§ **Exercise prompt**
Find the line that holds "Building Photo - 4852 N ROCKWELL St" in the material below. Output that line and each one after it exactly, but not the pictures.

§ **Data below**
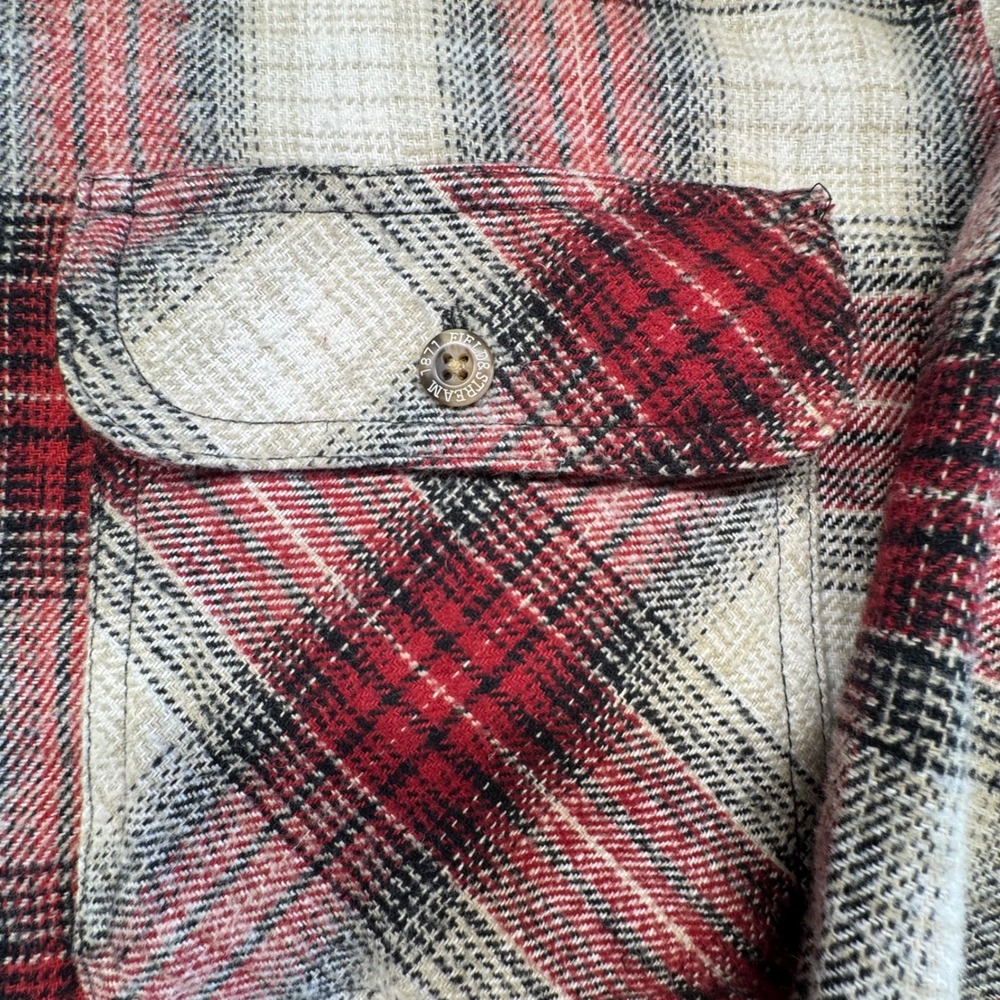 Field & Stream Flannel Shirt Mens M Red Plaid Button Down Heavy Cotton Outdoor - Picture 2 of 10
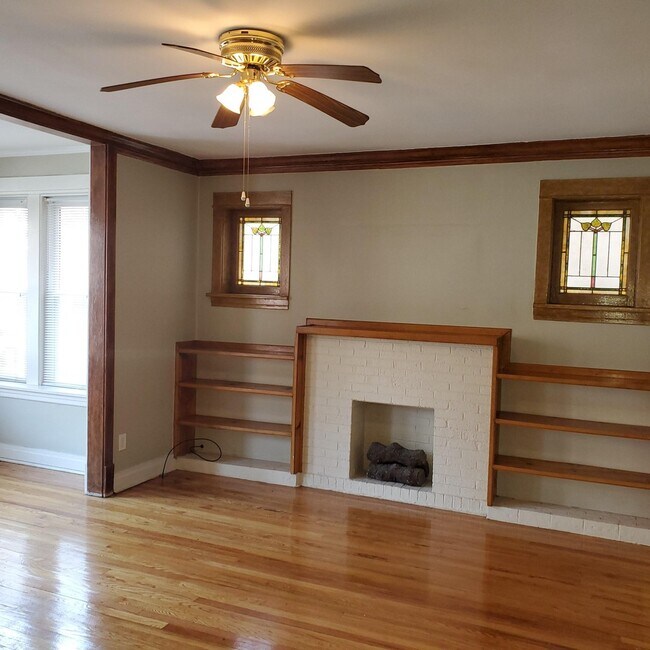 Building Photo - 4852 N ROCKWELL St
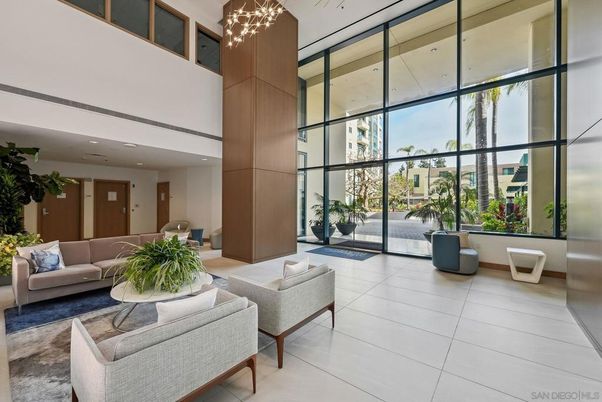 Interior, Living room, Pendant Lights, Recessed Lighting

§ **Solution for this problem**
 Building Photo - 4852 N ROCKWELL St
 Interior, Living room, Pendant Lights, Recessed Lighting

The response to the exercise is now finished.